After university he focused on furniture design and manufacture.
“I used a lot of recycled hardwood. It was really contemporary, hard-edged design, one offs,” Gallagher said.
He spent 2006-07 working as a chef in London, but spent his days off at the Tate and other galleries, drawing in many influences.
Since returning to Australia he has focused on sculpture, installation and jewellery making, working in bronze, brass, copper and leather.
However, works currently on exhibition at Gallery 139, focus on Gallagher’s work life.
The works draw on a decade of working beside his father, Paul Gallagher, as a roof-slater and copper-smith.
The work is highly specialised and sees the fixture of slate tiles to the roofs of buildings which are usually historic.
“The materials started to inform my work in art,” he said.
A series of four works on paper relate to the muscle action required in roof slating.

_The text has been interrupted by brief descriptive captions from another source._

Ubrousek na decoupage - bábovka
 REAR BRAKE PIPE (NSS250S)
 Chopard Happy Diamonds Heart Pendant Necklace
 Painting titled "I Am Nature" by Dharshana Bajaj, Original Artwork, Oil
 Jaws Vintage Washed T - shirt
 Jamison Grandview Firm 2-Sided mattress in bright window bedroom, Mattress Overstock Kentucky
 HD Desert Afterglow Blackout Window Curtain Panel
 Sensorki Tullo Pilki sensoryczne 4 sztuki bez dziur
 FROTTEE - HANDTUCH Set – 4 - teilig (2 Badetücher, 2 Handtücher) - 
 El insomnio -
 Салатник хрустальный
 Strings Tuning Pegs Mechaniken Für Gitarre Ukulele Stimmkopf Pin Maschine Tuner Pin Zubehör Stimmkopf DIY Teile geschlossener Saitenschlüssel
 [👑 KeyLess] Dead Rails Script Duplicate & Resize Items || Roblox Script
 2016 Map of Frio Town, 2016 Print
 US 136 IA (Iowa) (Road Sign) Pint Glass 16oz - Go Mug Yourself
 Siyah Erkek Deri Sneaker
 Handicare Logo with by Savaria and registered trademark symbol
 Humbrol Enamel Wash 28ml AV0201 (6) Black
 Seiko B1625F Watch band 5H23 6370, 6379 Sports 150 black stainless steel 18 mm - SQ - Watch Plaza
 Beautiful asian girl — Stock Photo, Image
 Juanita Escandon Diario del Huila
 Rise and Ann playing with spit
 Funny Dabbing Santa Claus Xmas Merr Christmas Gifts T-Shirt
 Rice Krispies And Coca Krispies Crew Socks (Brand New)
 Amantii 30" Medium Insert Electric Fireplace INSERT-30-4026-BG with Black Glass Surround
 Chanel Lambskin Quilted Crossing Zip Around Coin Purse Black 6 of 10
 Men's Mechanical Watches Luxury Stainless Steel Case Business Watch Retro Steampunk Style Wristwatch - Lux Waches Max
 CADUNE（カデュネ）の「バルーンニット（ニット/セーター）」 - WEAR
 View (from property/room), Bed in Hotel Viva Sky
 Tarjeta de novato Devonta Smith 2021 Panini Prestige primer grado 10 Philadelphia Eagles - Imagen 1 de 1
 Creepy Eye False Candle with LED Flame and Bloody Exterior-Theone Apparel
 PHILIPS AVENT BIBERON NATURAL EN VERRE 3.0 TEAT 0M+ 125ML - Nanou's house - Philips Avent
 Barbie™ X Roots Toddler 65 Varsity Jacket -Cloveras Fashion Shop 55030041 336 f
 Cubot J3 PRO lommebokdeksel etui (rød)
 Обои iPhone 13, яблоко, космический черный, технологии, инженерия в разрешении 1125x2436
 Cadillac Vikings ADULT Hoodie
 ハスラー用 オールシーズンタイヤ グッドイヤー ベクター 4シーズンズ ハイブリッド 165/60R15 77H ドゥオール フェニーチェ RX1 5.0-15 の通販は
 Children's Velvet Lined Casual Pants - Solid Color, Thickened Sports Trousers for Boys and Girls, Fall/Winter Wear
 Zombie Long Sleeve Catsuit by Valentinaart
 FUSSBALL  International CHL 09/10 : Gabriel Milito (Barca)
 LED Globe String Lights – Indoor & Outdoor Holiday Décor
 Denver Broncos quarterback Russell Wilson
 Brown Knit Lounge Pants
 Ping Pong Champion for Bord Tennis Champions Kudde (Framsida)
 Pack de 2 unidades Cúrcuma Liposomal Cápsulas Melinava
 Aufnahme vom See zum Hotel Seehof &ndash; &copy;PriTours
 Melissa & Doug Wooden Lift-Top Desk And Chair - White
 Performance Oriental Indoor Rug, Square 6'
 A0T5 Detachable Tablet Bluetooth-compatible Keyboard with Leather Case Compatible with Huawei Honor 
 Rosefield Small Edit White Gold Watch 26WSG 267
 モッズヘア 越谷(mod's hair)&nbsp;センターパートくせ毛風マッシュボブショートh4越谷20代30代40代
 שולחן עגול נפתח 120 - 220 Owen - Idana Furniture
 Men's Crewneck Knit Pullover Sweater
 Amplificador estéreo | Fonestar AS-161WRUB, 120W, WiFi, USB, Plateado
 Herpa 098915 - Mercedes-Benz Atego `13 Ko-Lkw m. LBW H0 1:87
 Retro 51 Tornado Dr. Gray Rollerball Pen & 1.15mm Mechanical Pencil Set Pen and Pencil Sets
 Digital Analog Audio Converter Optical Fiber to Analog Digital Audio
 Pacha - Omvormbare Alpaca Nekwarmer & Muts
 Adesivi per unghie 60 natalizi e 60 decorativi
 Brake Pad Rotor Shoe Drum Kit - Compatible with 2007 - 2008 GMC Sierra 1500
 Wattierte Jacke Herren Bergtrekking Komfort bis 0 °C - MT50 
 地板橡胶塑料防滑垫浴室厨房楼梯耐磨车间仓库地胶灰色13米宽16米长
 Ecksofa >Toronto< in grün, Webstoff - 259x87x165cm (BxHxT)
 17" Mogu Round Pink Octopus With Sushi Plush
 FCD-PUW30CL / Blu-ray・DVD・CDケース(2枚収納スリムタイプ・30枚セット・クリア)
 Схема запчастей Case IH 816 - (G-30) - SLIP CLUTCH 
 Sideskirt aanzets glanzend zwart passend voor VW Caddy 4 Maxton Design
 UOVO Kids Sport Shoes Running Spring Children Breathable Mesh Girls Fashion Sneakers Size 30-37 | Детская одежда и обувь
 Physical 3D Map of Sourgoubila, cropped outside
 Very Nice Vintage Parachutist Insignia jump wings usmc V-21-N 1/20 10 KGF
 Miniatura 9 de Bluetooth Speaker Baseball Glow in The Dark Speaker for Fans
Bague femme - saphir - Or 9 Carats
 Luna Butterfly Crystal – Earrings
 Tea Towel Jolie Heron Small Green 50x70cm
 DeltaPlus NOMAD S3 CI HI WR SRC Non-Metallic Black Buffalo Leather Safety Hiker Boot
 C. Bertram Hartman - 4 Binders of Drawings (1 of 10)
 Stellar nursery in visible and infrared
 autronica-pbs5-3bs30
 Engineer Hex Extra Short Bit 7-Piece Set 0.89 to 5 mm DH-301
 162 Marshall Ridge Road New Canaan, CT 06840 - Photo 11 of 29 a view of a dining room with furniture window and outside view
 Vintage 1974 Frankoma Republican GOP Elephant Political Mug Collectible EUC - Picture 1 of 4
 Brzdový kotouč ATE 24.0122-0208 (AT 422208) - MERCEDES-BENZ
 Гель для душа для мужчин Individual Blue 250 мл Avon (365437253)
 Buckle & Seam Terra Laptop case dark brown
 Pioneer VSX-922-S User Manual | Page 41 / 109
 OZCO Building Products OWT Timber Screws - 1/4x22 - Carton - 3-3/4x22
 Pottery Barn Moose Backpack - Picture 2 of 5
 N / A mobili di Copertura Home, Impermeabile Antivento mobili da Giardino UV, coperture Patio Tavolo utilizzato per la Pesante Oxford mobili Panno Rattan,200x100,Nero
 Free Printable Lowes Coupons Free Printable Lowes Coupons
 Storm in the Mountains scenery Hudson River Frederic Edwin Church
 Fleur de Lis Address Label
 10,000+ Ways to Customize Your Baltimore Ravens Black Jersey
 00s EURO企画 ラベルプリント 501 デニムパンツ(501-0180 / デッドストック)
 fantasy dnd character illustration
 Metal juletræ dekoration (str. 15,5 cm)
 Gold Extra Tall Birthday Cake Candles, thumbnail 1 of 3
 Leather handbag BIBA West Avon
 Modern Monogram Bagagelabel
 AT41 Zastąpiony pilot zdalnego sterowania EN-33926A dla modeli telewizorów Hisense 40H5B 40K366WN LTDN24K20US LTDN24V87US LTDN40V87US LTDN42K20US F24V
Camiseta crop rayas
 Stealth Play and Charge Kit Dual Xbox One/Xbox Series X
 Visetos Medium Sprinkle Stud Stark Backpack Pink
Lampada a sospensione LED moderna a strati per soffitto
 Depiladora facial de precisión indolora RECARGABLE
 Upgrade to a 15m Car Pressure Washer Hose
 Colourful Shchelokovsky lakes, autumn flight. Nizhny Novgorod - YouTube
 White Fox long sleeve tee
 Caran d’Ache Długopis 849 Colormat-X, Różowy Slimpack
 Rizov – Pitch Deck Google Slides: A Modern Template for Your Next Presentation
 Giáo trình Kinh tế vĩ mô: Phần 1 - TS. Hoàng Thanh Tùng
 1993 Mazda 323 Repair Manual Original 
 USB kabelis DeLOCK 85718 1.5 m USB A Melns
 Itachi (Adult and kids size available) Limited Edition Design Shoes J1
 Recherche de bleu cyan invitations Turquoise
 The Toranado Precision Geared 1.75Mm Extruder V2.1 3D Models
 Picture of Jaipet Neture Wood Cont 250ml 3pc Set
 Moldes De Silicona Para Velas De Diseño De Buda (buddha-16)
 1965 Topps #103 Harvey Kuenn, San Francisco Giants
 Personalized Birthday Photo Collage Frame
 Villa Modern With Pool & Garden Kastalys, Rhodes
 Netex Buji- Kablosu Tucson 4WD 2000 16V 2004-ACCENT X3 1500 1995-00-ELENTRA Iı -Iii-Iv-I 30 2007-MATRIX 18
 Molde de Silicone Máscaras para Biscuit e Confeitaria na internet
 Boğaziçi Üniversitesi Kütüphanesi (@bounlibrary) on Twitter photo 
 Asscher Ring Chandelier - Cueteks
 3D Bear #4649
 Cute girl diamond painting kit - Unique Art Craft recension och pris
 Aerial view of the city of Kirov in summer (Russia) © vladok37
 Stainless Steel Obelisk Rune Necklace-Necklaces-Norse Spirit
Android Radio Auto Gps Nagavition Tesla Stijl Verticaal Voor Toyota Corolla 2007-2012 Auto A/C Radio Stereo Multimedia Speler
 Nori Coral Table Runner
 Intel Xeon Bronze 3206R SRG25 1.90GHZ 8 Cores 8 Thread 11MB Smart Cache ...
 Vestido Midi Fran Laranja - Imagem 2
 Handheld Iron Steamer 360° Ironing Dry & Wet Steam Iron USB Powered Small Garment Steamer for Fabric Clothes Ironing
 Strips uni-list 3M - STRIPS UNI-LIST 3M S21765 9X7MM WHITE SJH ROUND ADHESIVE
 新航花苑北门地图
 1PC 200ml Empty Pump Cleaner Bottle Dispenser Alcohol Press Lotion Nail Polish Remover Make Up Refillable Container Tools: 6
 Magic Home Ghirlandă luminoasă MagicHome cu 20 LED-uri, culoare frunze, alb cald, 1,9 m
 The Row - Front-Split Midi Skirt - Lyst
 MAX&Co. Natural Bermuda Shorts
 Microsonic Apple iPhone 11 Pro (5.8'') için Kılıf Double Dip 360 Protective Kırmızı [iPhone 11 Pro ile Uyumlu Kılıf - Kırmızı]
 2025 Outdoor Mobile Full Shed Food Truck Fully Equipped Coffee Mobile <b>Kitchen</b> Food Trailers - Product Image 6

There are also five small works with steel facades on hardwood mounts. The works explore the materials and subject of the job, as well as locations in which he worked with his father, who recently retired.
Gallagher’s works appear along side the works of Cherie Wren, Maddyson Hatton, Jill Orr, Bruce Roxburgh, Camille Kersley, Peter Lankas in an exhibition titled Drawn Out. It’s on until July 22, at 139 Beaumont Street.